I have just done a`$ echo $shell`and it told me I am using csh :S I am afraid root also uses the same. I have the feeling that it would cause problems if I change the shell to sh or bash. What should I do?


----------



## Majorix (Sep 30, 2012)

Sorry for double post.

I am thinking about getting this book:
http://www.amazon.co.uk/Mastering-U...r_1_33?s=books&ie=UTF8&qid=1349035136&sr=1-33
It is for more advanced users, so I won't be "taught" once again what a loop does. And it is not strictly about sh, csh, bash or whatever.

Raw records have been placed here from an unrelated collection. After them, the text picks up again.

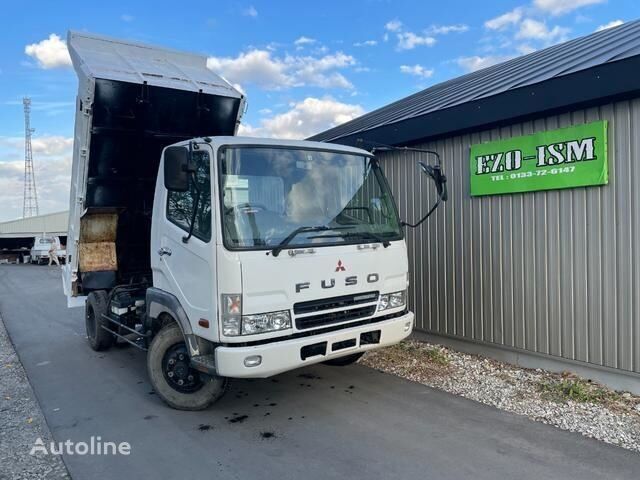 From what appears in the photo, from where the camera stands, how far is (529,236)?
5.79 m

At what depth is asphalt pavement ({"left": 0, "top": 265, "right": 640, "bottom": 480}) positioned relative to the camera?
142 inches

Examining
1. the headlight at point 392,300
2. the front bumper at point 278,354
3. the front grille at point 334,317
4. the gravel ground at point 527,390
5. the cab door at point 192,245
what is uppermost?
the cab door at point 192,245

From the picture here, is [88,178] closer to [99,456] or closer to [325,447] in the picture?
[99,456]

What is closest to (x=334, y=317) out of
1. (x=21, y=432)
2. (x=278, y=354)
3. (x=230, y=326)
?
(x=278, y=354)

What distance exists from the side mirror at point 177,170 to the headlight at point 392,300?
215cm

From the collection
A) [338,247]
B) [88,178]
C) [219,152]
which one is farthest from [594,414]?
[88,178]

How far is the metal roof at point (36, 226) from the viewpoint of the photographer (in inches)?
1303

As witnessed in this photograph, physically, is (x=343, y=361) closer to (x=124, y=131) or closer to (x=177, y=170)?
(x=177, y=170)

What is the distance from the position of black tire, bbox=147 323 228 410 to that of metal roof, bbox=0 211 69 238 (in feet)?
103

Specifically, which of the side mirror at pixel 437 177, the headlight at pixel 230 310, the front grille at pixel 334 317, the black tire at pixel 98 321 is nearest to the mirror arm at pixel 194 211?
the headlight at pixel 230 310

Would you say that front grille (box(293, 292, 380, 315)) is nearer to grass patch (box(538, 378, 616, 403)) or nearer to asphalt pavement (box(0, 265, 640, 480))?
asphalt pavement (box(0, 265, 640, 480))

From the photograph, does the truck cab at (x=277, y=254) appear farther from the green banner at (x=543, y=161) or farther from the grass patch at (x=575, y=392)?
the green banner at (x=543, y=161)

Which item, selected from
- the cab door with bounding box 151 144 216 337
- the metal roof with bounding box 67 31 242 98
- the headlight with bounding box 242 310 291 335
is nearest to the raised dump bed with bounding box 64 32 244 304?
the metal roof with bounding box 67 31 242 98

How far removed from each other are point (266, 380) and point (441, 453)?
242 centimetres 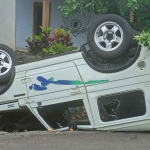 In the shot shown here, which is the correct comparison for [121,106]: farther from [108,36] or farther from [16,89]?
[16,89]

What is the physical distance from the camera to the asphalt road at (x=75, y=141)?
6609mm

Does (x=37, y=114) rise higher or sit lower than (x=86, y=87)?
lower

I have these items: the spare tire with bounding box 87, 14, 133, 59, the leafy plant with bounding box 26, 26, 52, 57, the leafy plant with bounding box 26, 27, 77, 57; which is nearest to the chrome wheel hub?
the spare tire with bounding box 87, 14, 133, 59

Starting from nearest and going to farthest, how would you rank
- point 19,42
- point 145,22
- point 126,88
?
point 126,88 → point 145,22 → point 19,42

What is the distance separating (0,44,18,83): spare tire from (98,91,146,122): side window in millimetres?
1764

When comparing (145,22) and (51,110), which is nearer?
(51,110)

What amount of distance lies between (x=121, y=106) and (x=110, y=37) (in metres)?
1.20

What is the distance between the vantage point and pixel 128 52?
7.35m

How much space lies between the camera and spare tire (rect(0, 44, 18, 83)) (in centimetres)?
784

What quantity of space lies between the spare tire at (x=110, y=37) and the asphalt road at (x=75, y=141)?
→ 4.52 feet

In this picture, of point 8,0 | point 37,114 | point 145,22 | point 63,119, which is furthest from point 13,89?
point 8,0

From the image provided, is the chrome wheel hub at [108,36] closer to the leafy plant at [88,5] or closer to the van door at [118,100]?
the van door at [118,100]

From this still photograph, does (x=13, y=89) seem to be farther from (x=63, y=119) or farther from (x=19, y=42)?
(x=19, y=42)

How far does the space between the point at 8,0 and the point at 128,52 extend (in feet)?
19.9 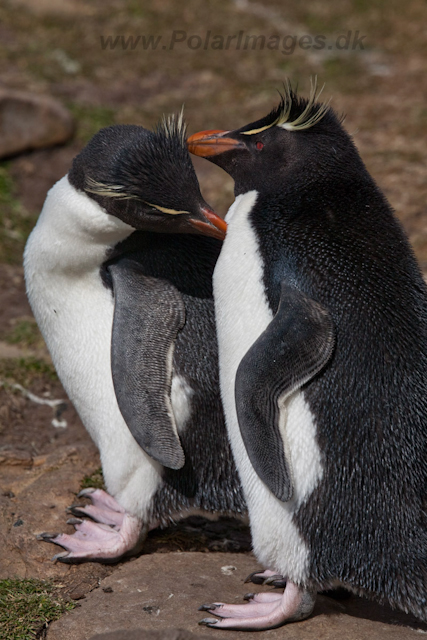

Seems like the ultimate book for me


----------



## Anonymous (Sep 30, 2012)

Majorix said:
			
		

> I have just done a`$ echo $shell`and it told me I am using csh :S I am afraid root also uses the same. I have the feeling that it would cause problems if I change the shell to sh or bash...



Changing the shell for a user by itself does not cause problems right away. By default, the root user comes with sh(1)().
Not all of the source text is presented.